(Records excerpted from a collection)
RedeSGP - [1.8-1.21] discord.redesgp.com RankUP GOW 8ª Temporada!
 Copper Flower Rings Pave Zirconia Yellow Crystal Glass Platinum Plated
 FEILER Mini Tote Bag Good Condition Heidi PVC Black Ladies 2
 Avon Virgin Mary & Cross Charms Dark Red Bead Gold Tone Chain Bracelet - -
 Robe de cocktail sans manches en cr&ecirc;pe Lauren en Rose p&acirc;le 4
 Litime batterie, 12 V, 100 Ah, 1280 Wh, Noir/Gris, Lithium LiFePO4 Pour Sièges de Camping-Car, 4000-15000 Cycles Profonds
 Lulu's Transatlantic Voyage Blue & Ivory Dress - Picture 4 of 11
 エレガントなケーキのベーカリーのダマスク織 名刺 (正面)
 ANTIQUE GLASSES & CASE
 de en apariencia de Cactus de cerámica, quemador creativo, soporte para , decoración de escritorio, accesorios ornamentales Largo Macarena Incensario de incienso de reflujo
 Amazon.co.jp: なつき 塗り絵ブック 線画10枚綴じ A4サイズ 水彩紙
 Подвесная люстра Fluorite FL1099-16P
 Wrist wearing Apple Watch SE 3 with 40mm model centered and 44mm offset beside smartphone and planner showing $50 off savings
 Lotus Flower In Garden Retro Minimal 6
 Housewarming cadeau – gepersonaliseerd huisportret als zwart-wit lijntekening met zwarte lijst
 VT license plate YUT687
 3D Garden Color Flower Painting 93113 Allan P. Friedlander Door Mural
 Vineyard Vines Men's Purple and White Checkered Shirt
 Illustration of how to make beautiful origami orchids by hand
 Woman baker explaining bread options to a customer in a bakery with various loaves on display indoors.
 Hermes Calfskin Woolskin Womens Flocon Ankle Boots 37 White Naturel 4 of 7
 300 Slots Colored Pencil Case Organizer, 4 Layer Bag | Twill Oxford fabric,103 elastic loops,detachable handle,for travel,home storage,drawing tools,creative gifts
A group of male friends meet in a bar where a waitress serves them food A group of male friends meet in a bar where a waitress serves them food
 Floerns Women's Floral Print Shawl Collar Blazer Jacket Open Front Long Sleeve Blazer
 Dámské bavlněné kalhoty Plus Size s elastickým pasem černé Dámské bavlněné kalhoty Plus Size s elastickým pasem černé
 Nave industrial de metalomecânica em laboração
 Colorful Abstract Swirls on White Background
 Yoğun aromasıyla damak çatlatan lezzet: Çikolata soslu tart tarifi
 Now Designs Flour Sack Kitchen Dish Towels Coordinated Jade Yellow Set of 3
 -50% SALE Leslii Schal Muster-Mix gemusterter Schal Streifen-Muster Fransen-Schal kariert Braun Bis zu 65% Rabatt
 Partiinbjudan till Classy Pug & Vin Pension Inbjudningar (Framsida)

• [Work to be completed]
Filter these records, keeping every line where the word "with" occurs.

• [Response area]
 Wrist wearing Apple Watch SE 3 with 40mm model centered and 44mm offset beside smartphone and planner showing $50 off savings
 Woman baker explaining bread options to a customer in a bakery with various loaves on display indoors.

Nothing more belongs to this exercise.